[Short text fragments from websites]
Start of Block
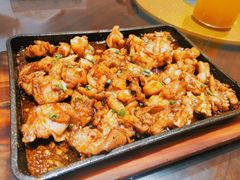 -一棠龙虾•王牌虾球(楚河汉街店)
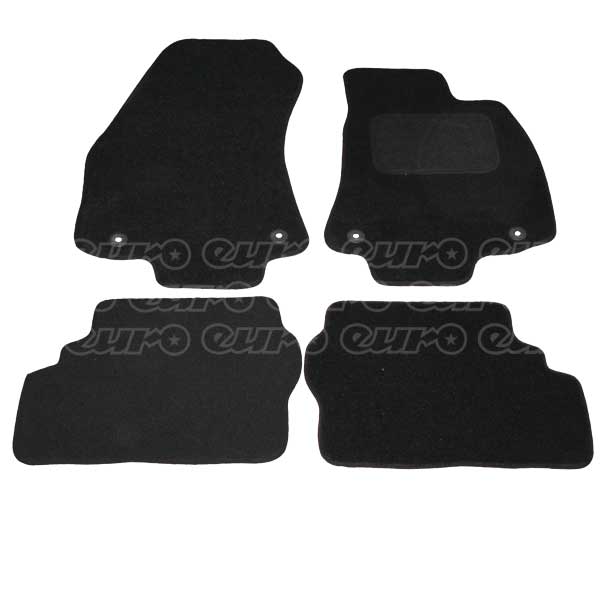Tailored Car Mats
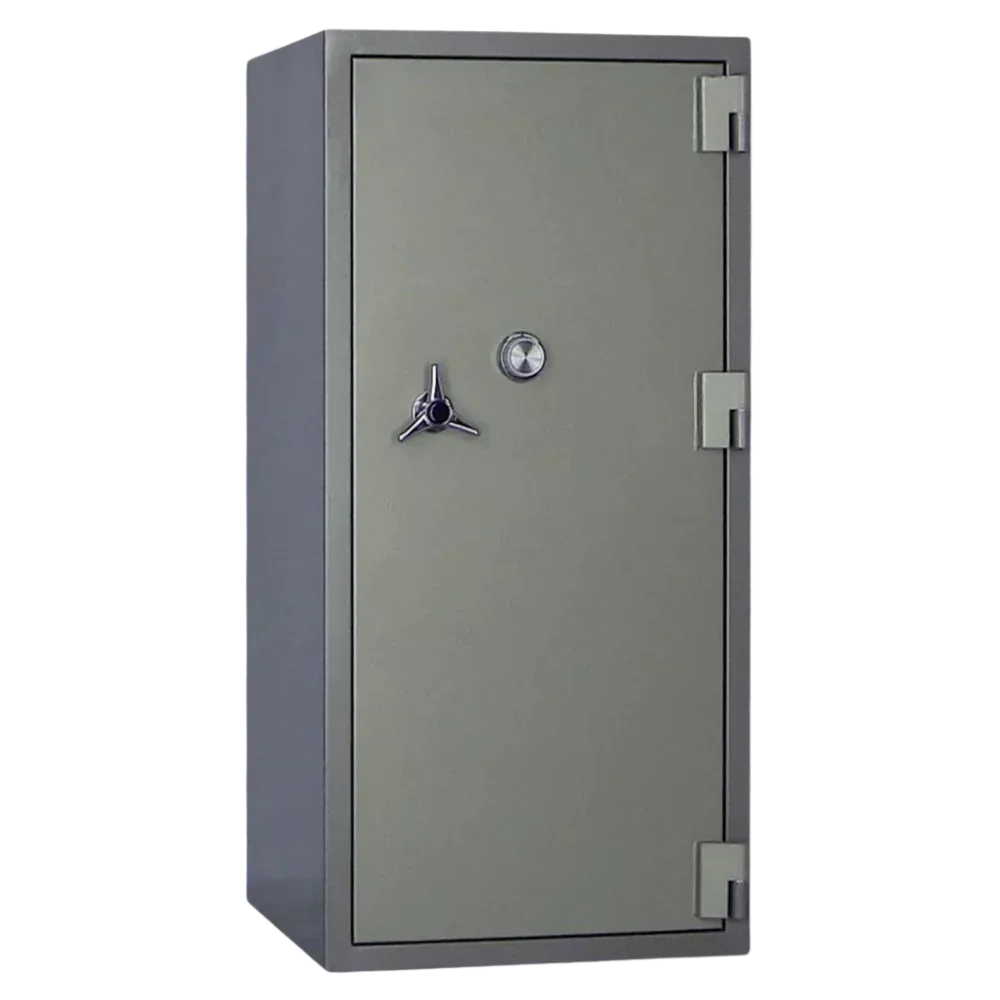 Burglary & Fire Safes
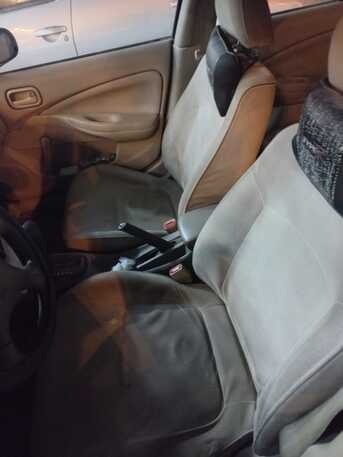 Al Murabba, Vehicles, Cars & Trucks , SAR 9500,  Nissan Sunny,  2005,  Automatic,  200000 KM,  Excellent Condition  For Sale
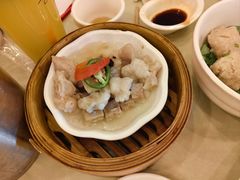 豉汁排骨-顺风山庄(水濂山店)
End of Block
**Assignment**
What is needed here is an exact copy of the lines from the line containing "Burglary & Fire Safes" through the end of the records, with every picture left out.

**Expected answer**
 Burglary & Fire Safes
 Al Murabba, Vehicles, Cars & Trucks , SAR 9500,  Nissan Sunny,  2005,  Automatic,  200000 KM,  Excellent Condition  For Sale
 豉汁排骨-顺风山庄(水濂山店)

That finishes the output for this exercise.